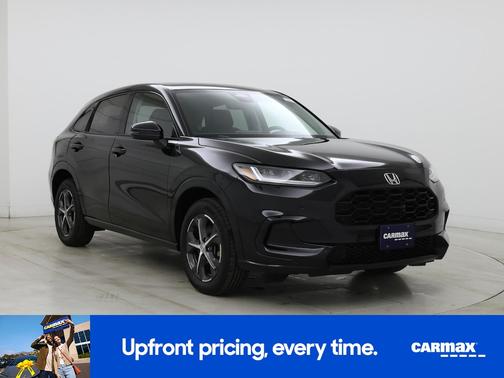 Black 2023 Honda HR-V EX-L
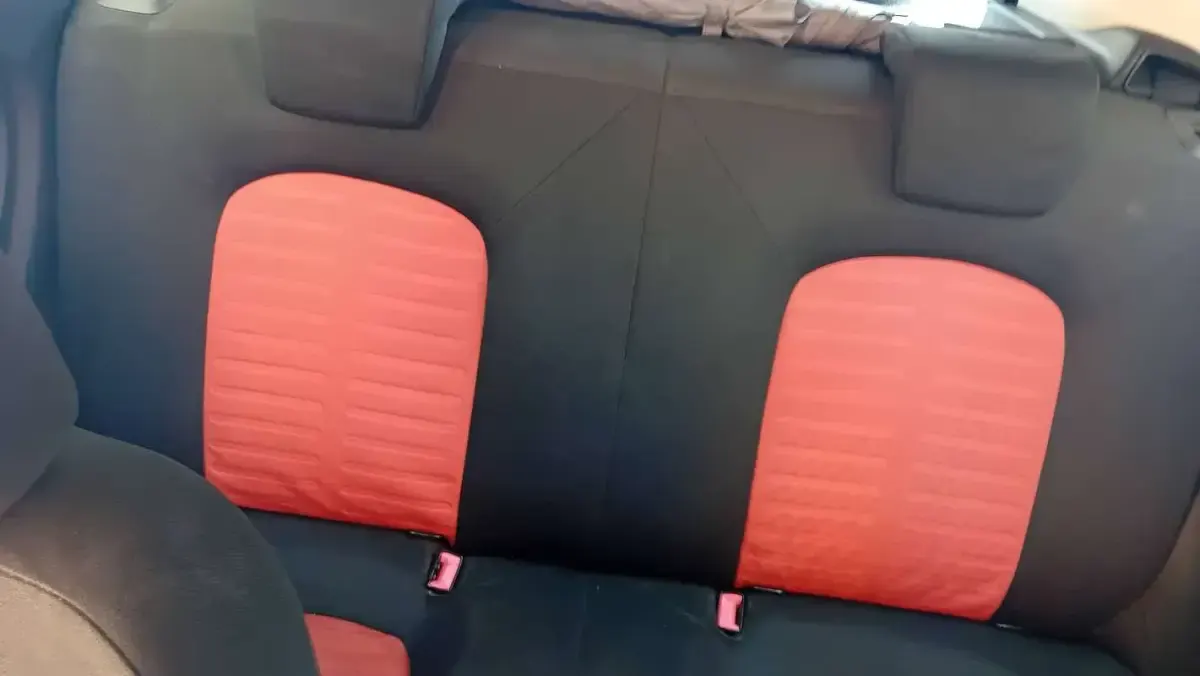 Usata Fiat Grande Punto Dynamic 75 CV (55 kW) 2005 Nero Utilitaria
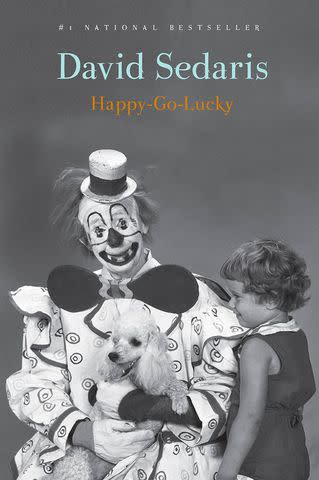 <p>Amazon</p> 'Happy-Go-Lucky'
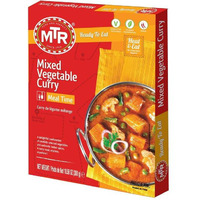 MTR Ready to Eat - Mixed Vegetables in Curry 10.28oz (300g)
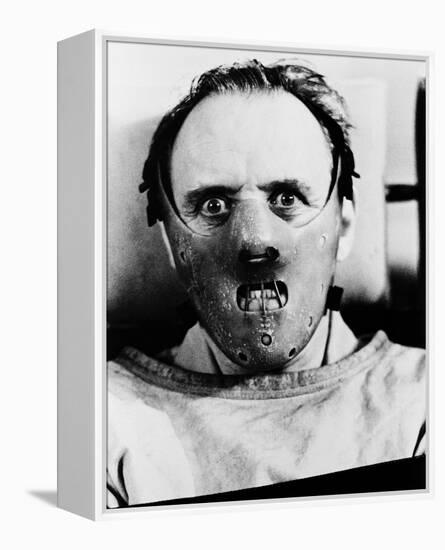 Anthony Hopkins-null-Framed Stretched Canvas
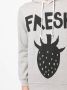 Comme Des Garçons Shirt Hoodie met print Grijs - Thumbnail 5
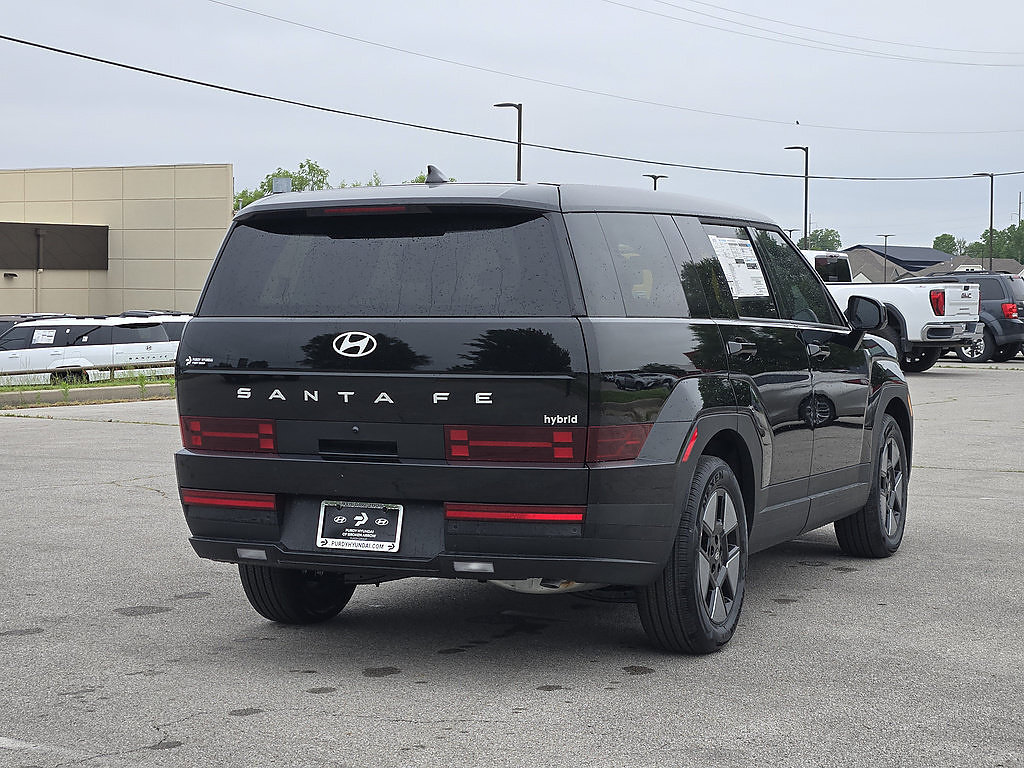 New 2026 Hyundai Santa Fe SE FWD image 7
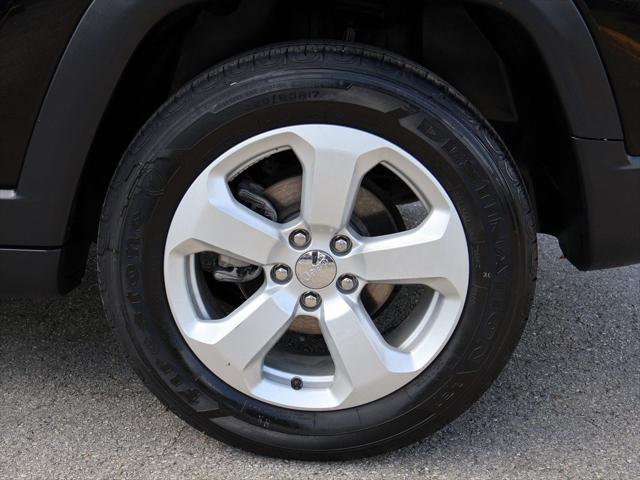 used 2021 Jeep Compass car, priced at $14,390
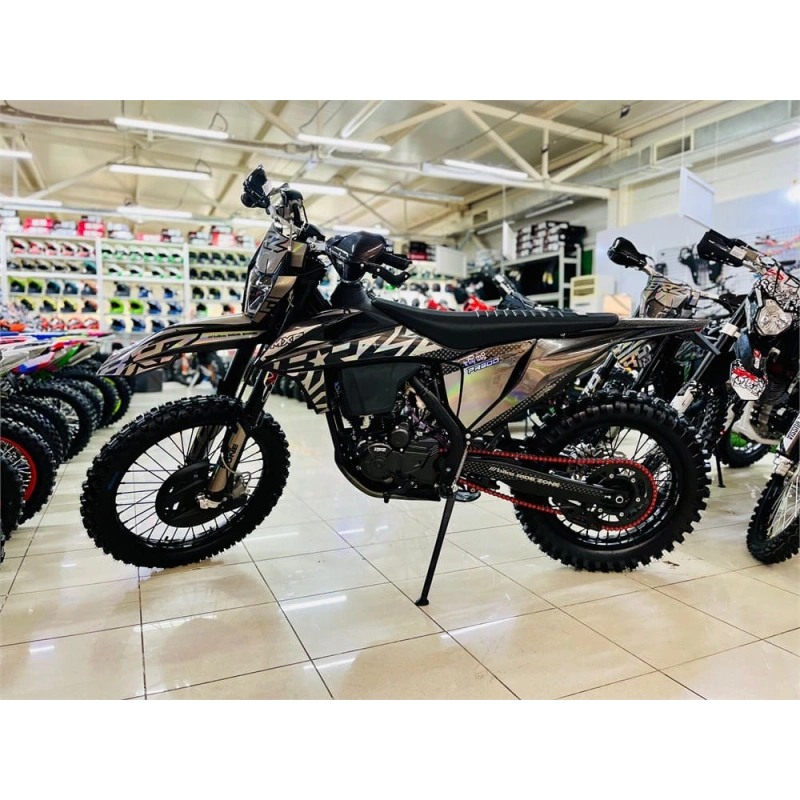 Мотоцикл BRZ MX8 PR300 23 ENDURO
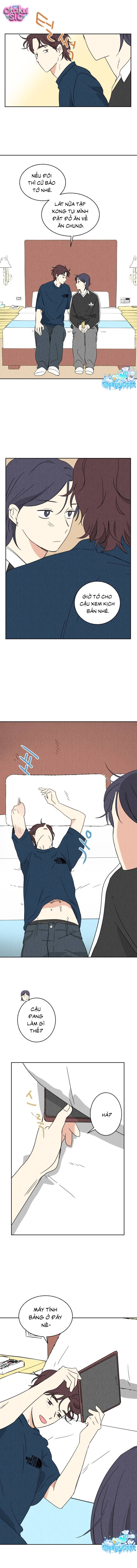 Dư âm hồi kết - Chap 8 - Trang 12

○ ○ ○

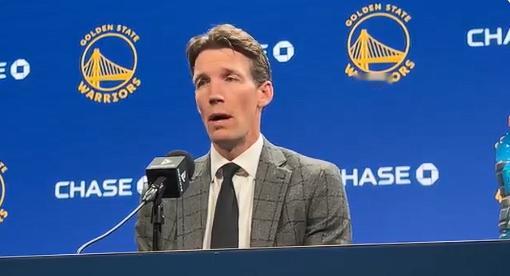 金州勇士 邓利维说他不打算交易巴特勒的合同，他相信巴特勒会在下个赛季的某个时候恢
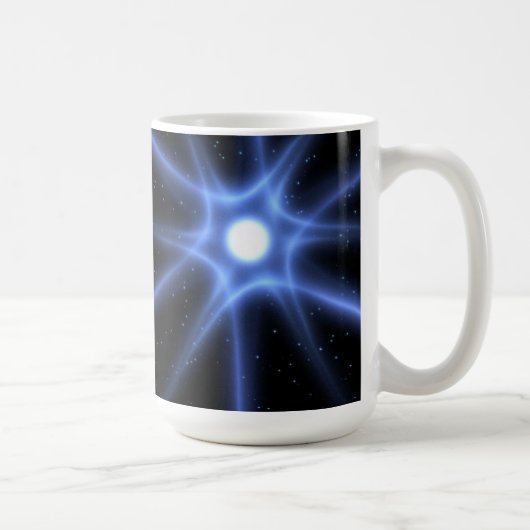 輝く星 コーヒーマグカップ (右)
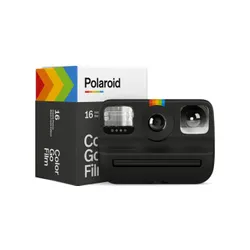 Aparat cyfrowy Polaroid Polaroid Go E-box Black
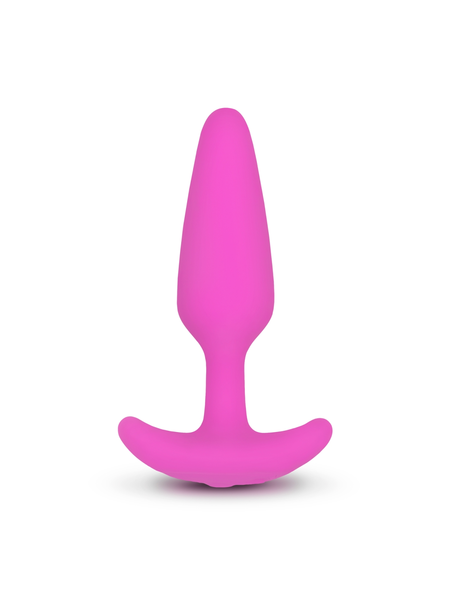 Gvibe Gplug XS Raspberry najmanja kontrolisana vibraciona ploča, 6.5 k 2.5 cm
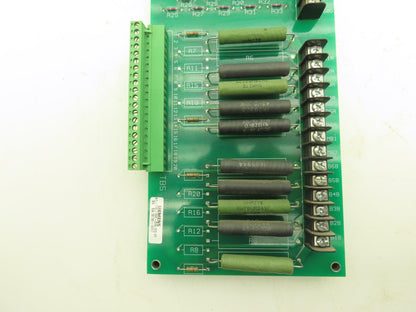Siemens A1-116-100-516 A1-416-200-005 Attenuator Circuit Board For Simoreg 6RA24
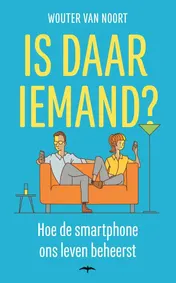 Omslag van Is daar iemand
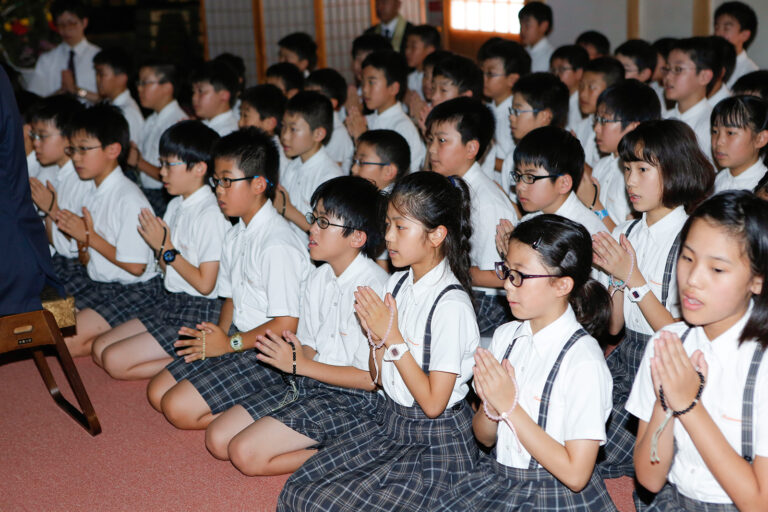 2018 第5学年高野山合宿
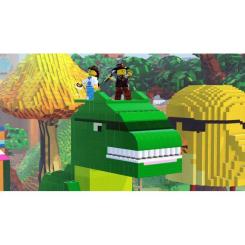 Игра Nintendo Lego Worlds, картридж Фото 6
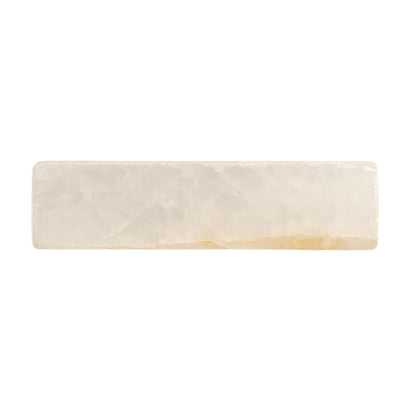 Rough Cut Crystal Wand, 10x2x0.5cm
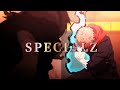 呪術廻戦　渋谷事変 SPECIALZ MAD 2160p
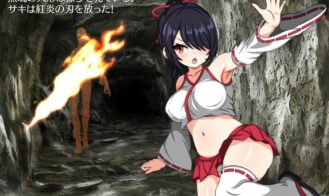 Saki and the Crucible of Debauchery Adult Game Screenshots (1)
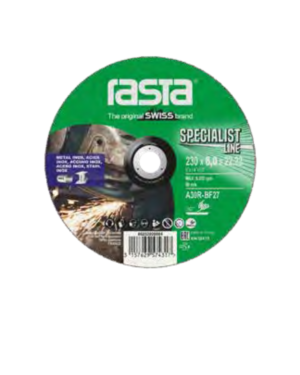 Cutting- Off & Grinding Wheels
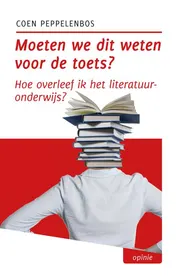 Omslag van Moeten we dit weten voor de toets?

○ ○ ○

TASK OBJECTIVE
Give again the stretch of the entries above that begins at the line with "Black 2023 Honda HR-V EX-L" and ends at the line with "Dư âm hồi kết - Chap 8 - Trang 12", word for word, with no pictures.

SOLUTION TO THIS PROBLEM
 Black 2023 Honda HR-V EX-L
 Usata Fiat Grande Punto Dynamic 75 CV (55 kW) 2005 Nero Utilitaria
 <p>Amazon</p> 'Happy-Go-Lucky'
 MTR Ready to Eat - Mixed Vegetables in Curry 10.28oz (300g)
 Anthony Hopkins-null-Framed Stretched Canvas
 Comme Des Garçons Shirt Hoodie met print Grijs - Thumbnail 5
 New 2026 Hyundai Santa Fe SE FWD image 7
 used 2021 Jeep Compass car, priced at $14,390
 Мотоцикл BRZ MX8 PR300 23 ENDURO
 Dư âm hồi kết - Chap 8 - Trang 12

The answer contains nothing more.